◆ **What you are asked to do**
Print the whole listing below exactly as given, pictures excluded.

* * *

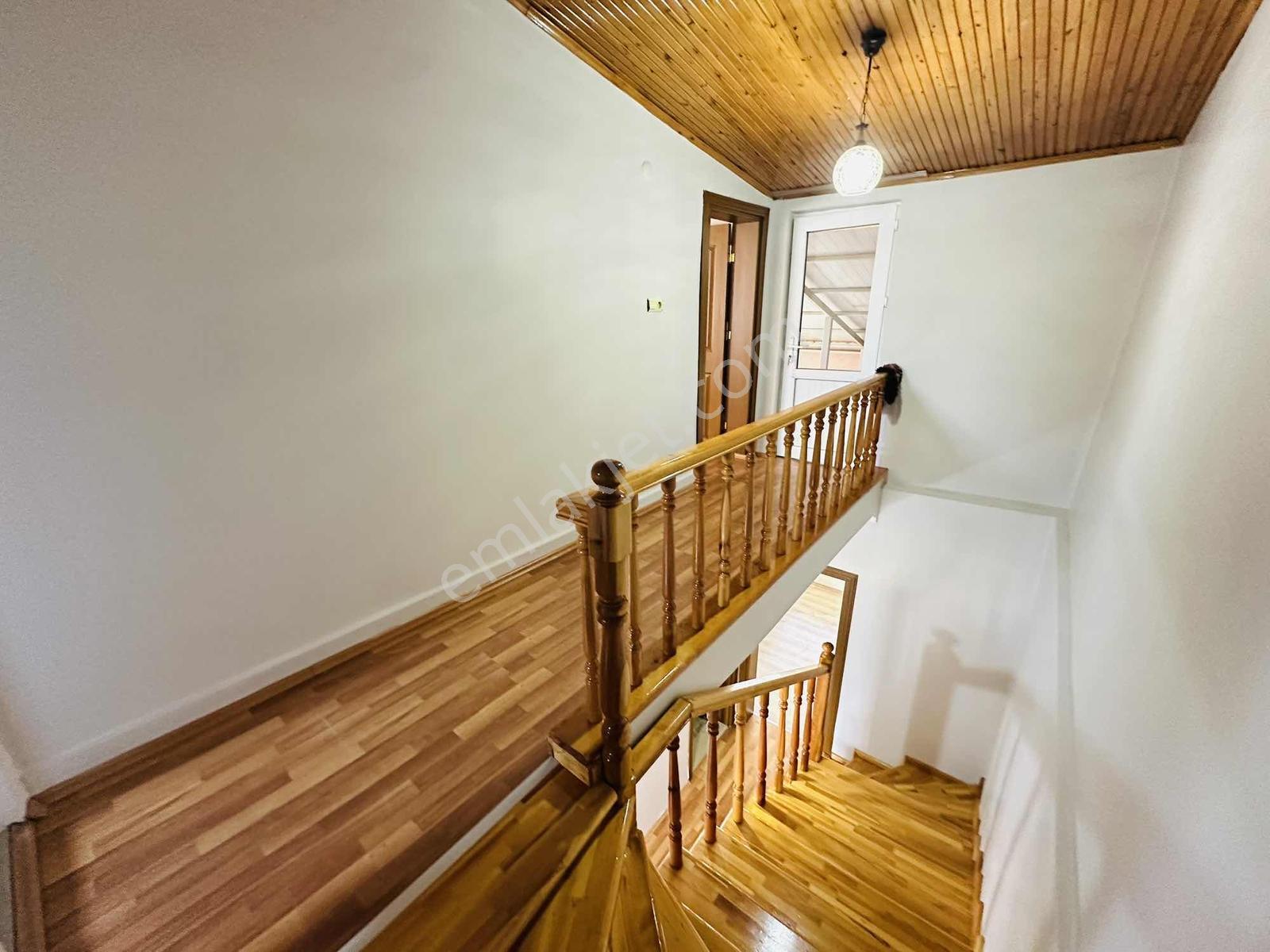 Enes Acur'dan Alavardı Mah. 4+1 Tripleks Bakımlı Villa — fotoğraf 29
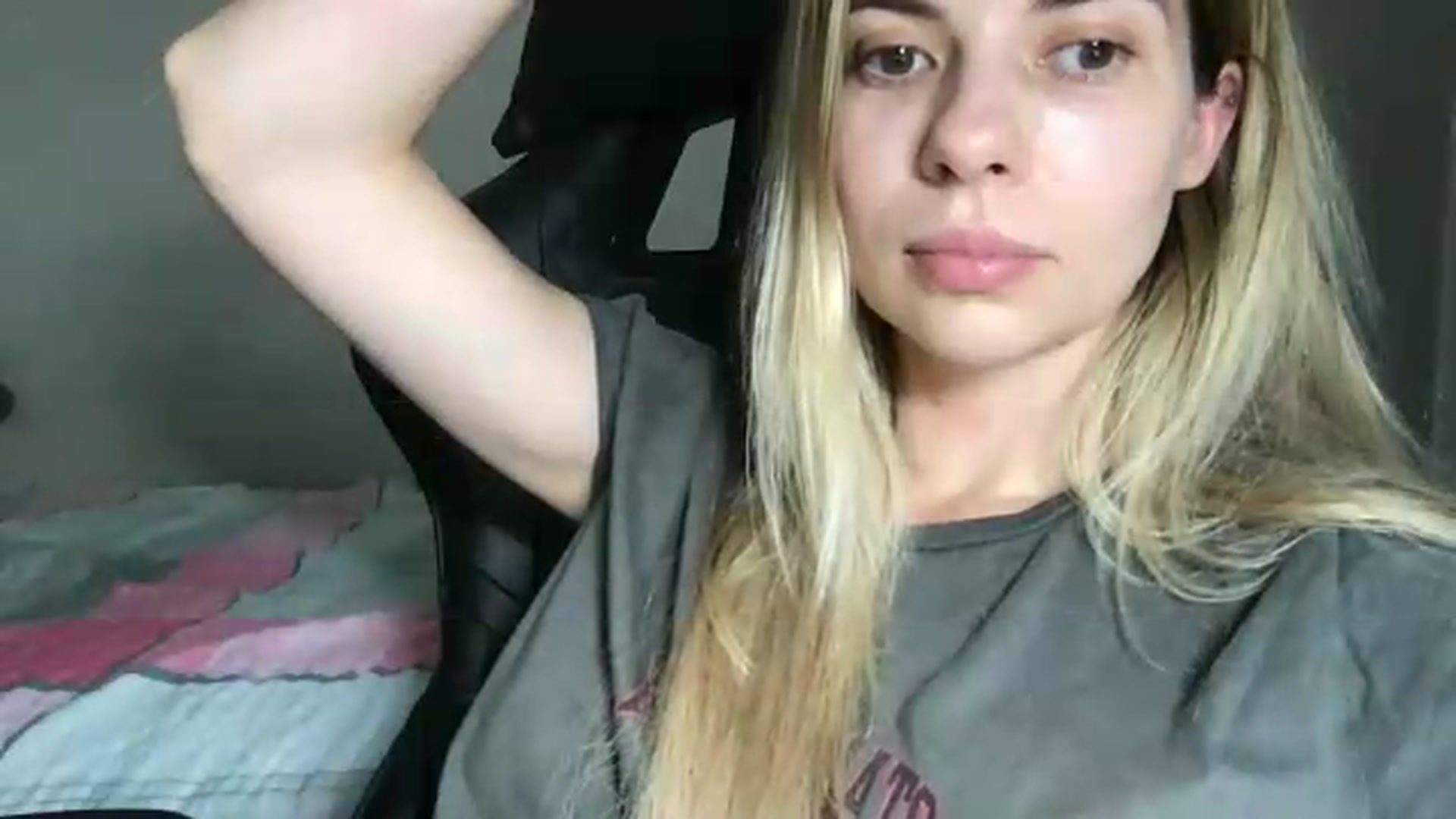 Gallery image thumbnail from neverinmylife's myfreecams stream on, 07/18/2026, 13:42 image 18 of 20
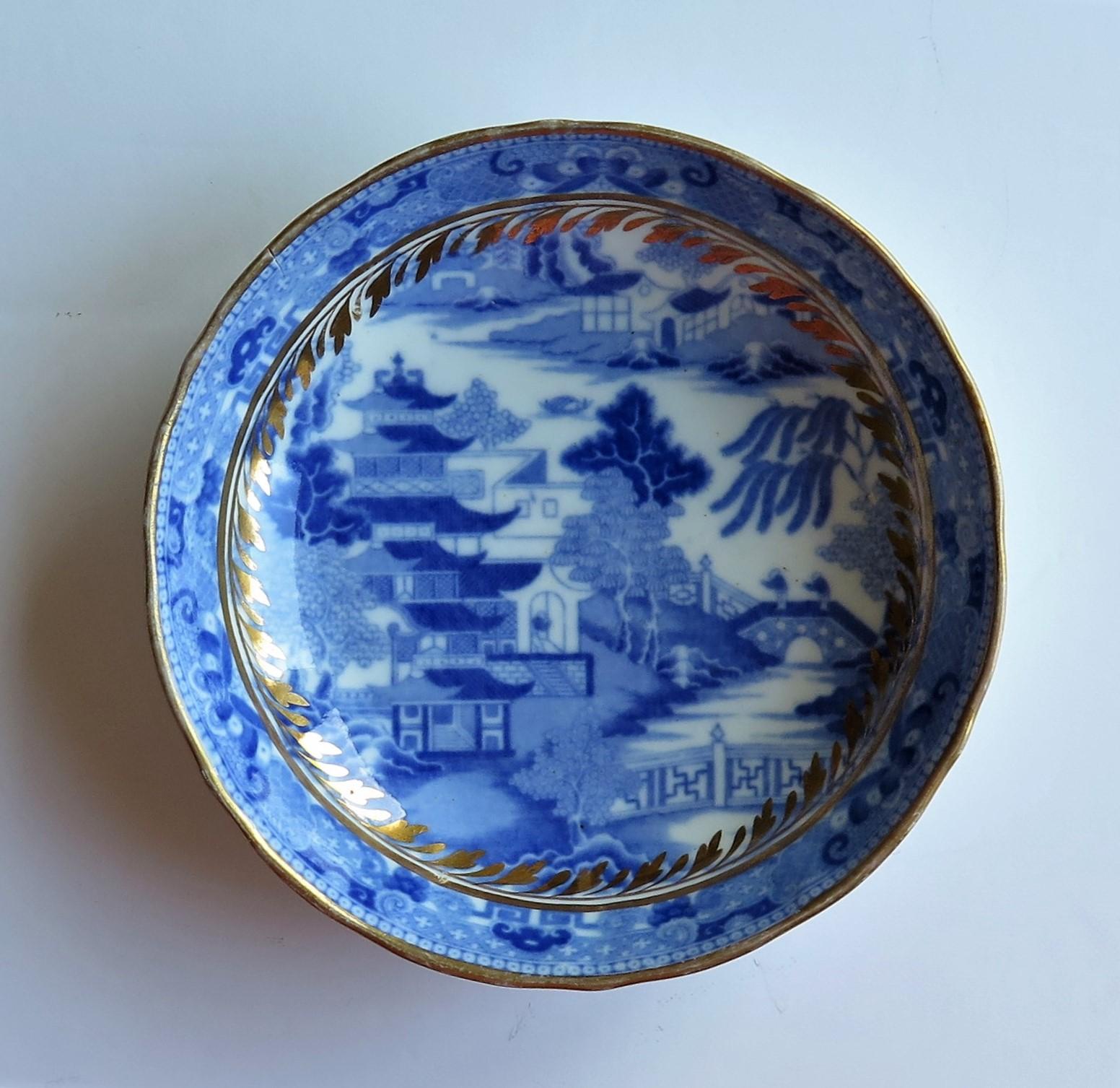 Glazed Miles Mason Porcelain Saucer Dish Blue and White Gilded Broseley Pattern Ca 1805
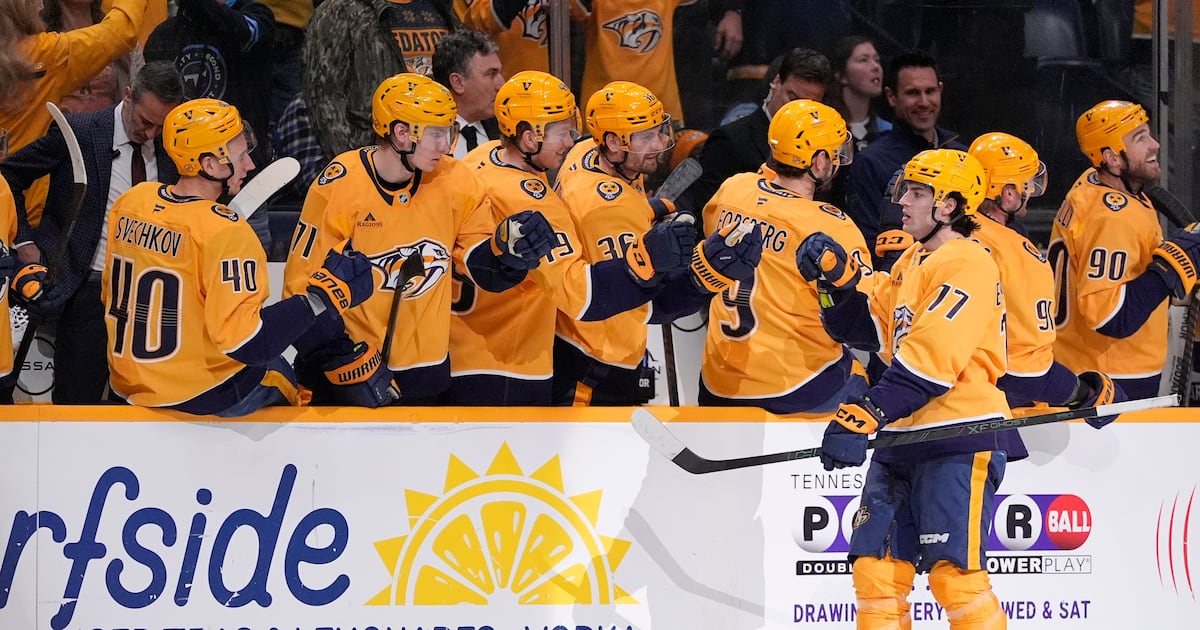 Luke Evangelista breaks third-period tie as Nashville Predators beat Toronto Maple Leafs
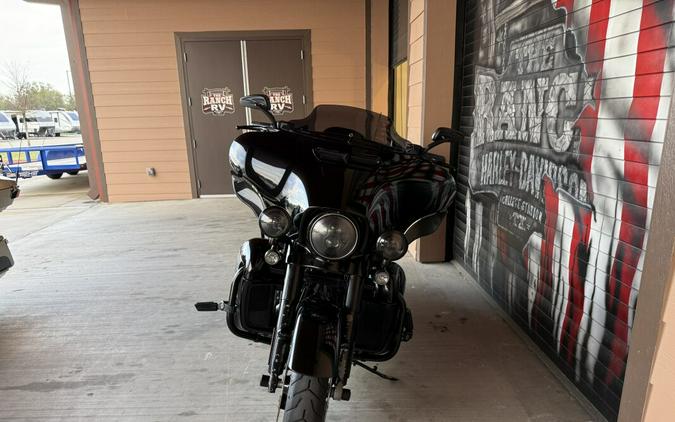 2020 Harley-Davidson® Ultra Limited Vivid Black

* * *

◆ **Exercise result**
 Enes Acur'dan Alavardı Mah. 4+1 Tripleks Bakımlı Villa — fotoğraf 29
 Gallery image thumbnail from neverinmylife's myfreecams stream on, 07/18/2026, 13:42 image 18 of 20
 Glazed Miles Mason Porcelain Saucer Dish Blue and White Gilded Broseley Pattern Ca 1805
 Luke Evangelista breaks third-period tie as Nashville Predators beat Toronto Maple Leafs
 2020 Harley-Davidson® Ultra Limited Vivid Black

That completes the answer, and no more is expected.